LONDON — Stepping up the search for alternatives to Russian energy, Britain’s Prime Minister, Boris Johnson, on Wednesday visited Saudi Arabia in hopes of persuading the oil producer to boost output and relieve pressure on global markets.
But at home, critics had another take on Mr. Johnson’s efforts to reduce western reliance on Russia’s President, Vladimir V. Putin: Going from one dictator to another.
With Europeans seeking to wean their economies off supplies of Russian fossil fuels, Mr. Johnson has described Saudi Arabia and the United Arab Emirates, which he also visited on Wednesday, as “key international parties.” The world needs to “deal with the new reality” following the invasion of Ukraine, Mr. Johnson said before leaving London.
But his visit to Saudi Arabia comes just days after the country executed 81 people. And Saudi Arabia’s crown prince, Mohammed bin Salman, also approved the murder of the journalist Jamal Khashoggi in 2018, according to a U.S. intelligence report.
Speaking in Parliament in London on Wednesday, Angela Rayner, deputy leader of the opposition Labour Party, accused Mr. Johnson’s government of having a failed energy policy and said the prime minister had “gone cap in hand from one dictator to another on a begging mission to the Saudi prince to bail him out.” Mr. Johnson was, she said, relying on a “murderous dictator to keep the lights on and pumps open.”

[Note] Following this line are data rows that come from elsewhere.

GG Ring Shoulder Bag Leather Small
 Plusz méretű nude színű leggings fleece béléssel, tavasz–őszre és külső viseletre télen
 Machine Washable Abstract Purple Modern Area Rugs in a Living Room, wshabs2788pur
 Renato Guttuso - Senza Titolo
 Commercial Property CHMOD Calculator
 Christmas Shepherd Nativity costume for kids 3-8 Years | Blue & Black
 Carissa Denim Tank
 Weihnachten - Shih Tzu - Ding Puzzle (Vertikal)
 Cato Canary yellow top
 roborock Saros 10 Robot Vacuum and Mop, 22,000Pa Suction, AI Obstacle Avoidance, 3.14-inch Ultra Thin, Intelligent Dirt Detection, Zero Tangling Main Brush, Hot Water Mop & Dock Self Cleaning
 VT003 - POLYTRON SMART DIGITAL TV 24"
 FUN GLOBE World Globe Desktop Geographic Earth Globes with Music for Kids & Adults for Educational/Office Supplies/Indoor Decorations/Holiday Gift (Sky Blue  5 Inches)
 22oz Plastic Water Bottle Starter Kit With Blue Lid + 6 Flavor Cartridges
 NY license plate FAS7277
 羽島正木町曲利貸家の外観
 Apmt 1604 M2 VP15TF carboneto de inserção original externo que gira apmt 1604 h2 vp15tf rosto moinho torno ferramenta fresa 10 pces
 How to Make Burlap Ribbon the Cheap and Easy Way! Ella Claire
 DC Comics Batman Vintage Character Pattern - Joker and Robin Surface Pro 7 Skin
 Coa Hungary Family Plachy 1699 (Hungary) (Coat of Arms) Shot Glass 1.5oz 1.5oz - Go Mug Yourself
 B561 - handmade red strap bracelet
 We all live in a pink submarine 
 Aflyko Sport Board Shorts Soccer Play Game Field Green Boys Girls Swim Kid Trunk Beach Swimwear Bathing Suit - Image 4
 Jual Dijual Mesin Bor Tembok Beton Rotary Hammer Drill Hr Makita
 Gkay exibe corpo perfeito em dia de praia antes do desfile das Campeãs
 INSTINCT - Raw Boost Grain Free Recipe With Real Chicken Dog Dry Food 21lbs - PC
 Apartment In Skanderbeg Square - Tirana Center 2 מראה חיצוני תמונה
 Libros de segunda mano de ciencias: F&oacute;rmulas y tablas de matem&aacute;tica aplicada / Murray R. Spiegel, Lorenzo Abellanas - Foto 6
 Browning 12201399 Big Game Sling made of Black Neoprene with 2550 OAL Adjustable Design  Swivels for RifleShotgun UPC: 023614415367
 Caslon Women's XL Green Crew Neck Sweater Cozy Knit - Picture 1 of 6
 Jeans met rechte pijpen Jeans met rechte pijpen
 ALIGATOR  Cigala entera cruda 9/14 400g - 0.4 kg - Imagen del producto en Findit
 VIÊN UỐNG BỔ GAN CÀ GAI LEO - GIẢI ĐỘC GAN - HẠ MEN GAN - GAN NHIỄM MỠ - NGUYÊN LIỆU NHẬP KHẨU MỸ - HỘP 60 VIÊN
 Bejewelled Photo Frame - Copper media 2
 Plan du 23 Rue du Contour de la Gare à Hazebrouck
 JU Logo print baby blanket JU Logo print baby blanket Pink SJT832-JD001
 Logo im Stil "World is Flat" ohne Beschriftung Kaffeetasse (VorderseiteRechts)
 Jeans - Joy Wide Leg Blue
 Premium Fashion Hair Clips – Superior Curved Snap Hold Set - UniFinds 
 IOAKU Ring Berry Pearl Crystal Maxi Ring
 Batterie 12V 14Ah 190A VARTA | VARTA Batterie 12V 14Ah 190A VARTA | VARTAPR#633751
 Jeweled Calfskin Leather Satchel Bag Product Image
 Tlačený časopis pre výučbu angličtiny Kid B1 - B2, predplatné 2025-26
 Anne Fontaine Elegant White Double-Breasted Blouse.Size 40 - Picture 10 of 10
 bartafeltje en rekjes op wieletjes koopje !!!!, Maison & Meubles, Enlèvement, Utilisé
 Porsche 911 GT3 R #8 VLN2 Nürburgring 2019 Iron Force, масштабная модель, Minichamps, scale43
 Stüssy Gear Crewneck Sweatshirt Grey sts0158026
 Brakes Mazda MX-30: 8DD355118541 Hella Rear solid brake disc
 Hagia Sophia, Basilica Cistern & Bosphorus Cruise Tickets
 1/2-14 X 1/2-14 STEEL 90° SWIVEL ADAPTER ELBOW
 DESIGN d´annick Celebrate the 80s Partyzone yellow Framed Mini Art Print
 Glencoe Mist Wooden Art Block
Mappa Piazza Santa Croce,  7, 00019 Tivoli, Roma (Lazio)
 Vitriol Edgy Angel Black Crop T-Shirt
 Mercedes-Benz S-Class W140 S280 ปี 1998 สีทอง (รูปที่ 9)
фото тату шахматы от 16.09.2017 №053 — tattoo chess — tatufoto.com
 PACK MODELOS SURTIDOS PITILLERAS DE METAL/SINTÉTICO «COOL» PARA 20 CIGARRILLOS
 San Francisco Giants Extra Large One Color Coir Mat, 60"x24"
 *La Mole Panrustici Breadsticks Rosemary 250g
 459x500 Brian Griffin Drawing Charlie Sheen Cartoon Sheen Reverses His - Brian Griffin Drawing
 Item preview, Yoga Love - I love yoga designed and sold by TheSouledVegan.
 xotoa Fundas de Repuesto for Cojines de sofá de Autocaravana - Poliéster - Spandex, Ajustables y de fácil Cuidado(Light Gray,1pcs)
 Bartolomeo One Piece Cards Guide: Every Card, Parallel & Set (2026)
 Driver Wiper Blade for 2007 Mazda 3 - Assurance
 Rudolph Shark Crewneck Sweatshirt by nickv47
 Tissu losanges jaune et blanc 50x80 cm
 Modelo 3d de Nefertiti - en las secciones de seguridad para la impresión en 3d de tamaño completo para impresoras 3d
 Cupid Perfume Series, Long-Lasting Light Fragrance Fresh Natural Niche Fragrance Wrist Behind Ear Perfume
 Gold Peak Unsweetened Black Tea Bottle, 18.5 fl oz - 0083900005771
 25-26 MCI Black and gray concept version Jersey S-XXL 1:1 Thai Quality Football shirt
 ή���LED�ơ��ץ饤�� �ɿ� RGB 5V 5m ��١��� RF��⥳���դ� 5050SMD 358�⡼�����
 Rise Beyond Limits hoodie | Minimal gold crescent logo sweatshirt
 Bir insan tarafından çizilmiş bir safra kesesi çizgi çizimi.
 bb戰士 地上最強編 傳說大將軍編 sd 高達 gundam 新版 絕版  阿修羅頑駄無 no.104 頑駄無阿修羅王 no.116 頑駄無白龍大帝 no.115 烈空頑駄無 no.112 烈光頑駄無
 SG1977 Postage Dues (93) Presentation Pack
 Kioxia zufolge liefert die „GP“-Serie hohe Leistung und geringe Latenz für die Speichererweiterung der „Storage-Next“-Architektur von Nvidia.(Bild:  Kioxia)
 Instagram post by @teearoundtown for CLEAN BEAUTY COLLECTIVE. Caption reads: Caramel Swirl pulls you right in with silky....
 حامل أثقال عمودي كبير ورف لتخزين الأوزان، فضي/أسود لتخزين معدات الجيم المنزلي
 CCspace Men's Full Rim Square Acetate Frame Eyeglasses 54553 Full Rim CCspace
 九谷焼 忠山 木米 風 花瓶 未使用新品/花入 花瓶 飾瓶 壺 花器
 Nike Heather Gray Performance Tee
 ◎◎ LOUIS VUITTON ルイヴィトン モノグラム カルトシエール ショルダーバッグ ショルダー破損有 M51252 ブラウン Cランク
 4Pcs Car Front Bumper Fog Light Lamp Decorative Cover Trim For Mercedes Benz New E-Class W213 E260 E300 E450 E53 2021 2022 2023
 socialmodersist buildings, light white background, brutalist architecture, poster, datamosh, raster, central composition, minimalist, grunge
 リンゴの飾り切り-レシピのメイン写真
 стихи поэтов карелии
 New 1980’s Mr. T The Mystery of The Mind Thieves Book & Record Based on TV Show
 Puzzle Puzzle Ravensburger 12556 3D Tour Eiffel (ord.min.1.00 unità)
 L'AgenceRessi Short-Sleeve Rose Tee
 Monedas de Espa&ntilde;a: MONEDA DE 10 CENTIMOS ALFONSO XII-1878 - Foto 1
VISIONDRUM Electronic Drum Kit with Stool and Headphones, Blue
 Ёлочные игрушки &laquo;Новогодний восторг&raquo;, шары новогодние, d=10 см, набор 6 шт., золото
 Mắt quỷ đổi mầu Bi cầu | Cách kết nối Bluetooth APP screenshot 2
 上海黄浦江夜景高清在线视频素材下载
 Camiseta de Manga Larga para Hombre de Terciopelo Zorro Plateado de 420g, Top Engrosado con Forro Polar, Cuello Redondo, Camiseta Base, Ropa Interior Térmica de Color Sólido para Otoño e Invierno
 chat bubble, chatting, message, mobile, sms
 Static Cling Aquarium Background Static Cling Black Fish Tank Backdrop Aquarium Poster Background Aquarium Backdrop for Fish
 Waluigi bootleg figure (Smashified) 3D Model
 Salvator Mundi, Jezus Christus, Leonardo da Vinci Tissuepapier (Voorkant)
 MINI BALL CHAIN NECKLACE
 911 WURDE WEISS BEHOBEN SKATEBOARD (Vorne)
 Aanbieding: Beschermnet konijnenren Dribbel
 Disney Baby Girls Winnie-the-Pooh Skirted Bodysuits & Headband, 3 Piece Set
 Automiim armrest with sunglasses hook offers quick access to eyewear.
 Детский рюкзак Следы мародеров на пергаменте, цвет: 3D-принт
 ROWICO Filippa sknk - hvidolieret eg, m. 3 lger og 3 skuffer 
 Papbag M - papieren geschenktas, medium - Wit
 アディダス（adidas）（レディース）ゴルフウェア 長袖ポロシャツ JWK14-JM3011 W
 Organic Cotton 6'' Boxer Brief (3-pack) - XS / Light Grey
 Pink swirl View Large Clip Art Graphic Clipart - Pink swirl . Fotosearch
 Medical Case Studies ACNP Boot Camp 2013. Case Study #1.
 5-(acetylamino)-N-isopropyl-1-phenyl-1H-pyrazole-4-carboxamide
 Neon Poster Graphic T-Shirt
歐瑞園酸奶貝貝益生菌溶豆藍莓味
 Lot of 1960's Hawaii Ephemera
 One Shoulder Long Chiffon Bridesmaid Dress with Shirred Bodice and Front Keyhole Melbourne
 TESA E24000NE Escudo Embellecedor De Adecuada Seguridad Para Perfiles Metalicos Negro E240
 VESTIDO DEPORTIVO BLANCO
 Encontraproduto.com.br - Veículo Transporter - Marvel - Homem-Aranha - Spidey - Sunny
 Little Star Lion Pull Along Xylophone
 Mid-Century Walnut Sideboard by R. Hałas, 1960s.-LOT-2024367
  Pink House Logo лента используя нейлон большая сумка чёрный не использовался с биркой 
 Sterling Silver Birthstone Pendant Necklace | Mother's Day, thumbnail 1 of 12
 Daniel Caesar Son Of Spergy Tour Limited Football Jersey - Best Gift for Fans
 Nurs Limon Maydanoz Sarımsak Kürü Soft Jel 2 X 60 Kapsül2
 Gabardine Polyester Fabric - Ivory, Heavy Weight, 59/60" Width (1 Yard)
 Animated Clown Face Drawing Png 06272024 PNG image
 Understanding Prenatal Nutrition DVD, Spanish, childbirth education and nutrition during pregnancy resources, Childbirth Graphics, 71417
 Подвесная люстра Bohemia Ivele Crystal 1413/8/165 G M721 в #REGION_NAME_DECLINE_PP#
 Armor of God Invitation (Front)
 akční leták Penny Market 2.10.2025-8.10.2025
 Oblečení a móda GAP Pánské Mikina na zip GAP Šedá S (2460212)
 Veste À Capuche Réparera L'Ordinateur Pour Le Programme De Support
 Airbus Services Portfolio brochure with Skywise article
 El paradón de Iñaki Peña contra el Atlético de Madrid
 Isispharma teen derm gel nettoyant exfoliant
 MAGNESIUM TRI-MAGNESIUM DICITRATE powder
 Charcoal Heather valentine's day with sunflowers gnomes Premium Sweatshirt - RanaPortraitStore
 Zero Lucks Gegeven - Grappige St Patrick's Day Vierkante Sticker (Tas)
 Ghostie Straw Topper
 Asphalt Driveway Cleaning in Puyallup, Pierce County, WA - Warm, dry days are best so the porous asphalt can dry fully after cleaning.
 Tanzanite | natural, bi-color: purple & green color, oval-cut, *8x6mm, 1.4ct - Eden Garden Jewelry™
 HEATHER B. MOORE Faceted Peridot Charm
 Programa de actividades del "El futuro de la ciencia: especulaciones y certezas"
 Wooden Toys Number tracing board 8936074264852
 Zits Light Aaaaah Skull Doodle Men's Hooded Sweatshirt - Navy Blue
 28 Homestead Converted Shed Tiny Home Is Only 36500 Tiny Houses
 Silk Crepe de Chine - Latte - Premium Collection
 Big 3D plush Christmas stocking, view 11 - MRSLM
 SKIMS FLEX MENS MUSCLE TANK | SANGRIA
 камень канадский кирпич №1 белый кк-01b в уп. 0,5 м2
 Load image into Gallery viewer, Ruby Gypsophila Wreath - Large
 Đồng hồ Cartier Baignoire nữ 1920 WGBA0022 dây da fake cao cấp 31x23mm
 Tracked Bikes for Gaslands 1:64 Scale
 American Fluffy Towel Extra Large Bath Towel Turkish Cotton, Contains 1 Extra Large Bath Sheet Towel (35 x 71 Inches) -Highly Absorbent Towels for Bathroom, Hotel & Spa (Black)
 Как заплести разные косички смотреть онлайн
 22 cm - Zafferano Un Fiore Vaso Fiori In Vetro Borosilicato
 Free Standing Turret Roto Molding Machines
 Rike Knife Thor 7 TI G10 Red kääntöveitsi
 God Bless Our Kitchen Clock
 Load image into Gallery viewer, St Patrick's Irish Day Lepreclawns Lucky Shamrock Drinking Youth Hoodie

Dominic Raab, the deputy prime minister, responded by saying the government had consistently raised human rights concerns in Saudi Arabia, applied sanctions against Mr. Khashoggi’s killers and would “never allow our moral red lines to be blurred.”
But on Tuesday, one of Mr. Johnson’s own lawmakers, Crispin Blunt, condemned the recent executions in Saudi Arabia, appealing to the prime minister to make it clear in Riyadh “how appalled” friends of the country were.
Mr. Johnson’s hectic diplomacy exemplifies the dilemmas and obstacles faced by Western leaders if they hope to limit the economic impact on their citizens from reducing reliance on Russian hydrocarbons.
Though Britain is not itself a particularly big importer of Russian energy, other European nations are — and the price of oil and gas has spiked. Big producers in the Gulf could significantly help western European economies by boosting their output but do not have any obvious economic incentive to do so.
Nor are they necessarily aligned diplomatically. Before heading to Riyadh, Mr. Johnson landed in the United Arab Emirates which, along with China and India, abstained from a United Nations resolution condemning Russia’s invasion of Ukraine.
While Britain’s government has criticized human rights abuses in Saudi Arabia — including the executions conducted over the weekend — it has done so less stridently than many other countries.
Ahead of Mr. Johnson’s visit, Downing Street said that the prime minister would raise Britain’s objections to capital punishment with Crown Prince Mohammed, but it would not commit to do the same over Mr. Khashoggi’s murder. British government officials played down expectations that the meetings would produce instant results, presenting them, instead, as part of a longer-term process.